Hatchling sex ratios

Temperature-dependent sex determination in sea turtles was first documented in loggerhead turtles by Yntema and Mrosovsky (Yntema and Mrosovsky, 1980), with warmer incubation temperatures producing more females and cooler temperatures producing more males. Although early work was conducted in laboratory conditions, attention moved to field studies to assess whether hatchling sex ratios were different from 1:1 as predicted by Fisher (Fisher, 1930). Initial assessments of loggerhead turtle sex ratios suggested that sex ratios vary from beach to beach and also from month to month within a nesting season (Mrosovsky et al., 1984). Further work using laboratory incubation suggested that the response of loggerhead turtle eggs to temperature was fairly conserved, at least in terms of pivotal temperature — the temperature that produces a 1:1 sex ratio (Mrosovsky and Pieau, 1991), across different populations from different latitudes in the northwest Atlantic (Mrosovsky, 1988). Subsequent studies of laboratory incubation of loggerhead turtle eggs from Brazil and Greece have also found pivotal temperatures that are relatively similar — close to 29°C (Marcovaldi et al., 1997; Mrosovsky et al., 2002). Thus, variation in sex ratios observed in the wild is thought to be driven largely by local environmental conditions, specifically egg temperatures during incubation (Godfrey and Mrosovsky, 2001).

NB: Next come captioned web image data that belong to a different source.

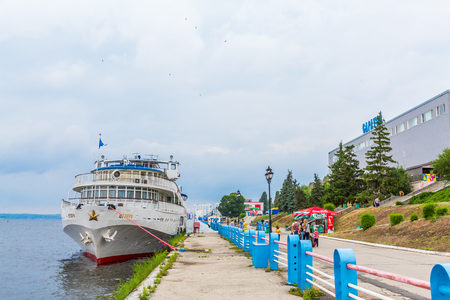 Saratov / Russia - July 18, 2018: Three-deck passenger shipのeditorial素材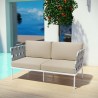 Modway Harmony Outdoor Patio Aluminum Loveseat in White Beige - Lifestyle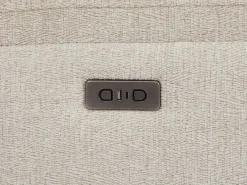 Sofá 2 plazas relax eléctrico con mesa en chenilla beige KELUNO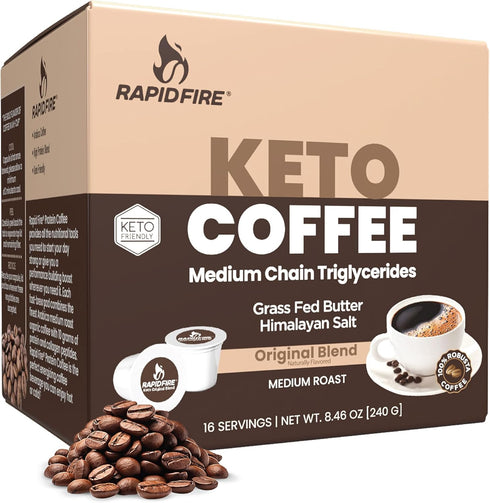 Rapidfire Original Flavor High Performance Keto Coffee Pods, Supports Energy & Metabolism, Single Serve K Cup, Brown, 16 Count...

A major constraint in the study of loggerhead turtle sex ratios has been the challenge of assigning sex. Sea turtles do not have sexually dimorphic sex chromosomes nor do they express visible external phenotypic differences between the sexes prior to adulthood. The only fully reliable method of assigning sex to hatchling loggerhead turtles has been through histological examination of the gonads (Yntema and Mrosovsky, 1980), which is labour intensive and destructive. Attempts to use dead-in-nest hatchlings for sexing are hampered by low sample sizes and a possible influence of sex-biased mortality. There have been attempts to develop other non-destructive markers of phenotypic sex, with varying degrees of success, including assessing ratios of hormone titres in the chorioallantoic fluid remaining in eggs after hatching (Gross et al., 1995) and laparoscopy of hatchlings raised in captivity for several months (Wyneken et al., 2007). Regardless of their reliability, these alternative methods of directly assigning sex present logistical challenges that would hamper studies of sex ratios on a large scale in the field.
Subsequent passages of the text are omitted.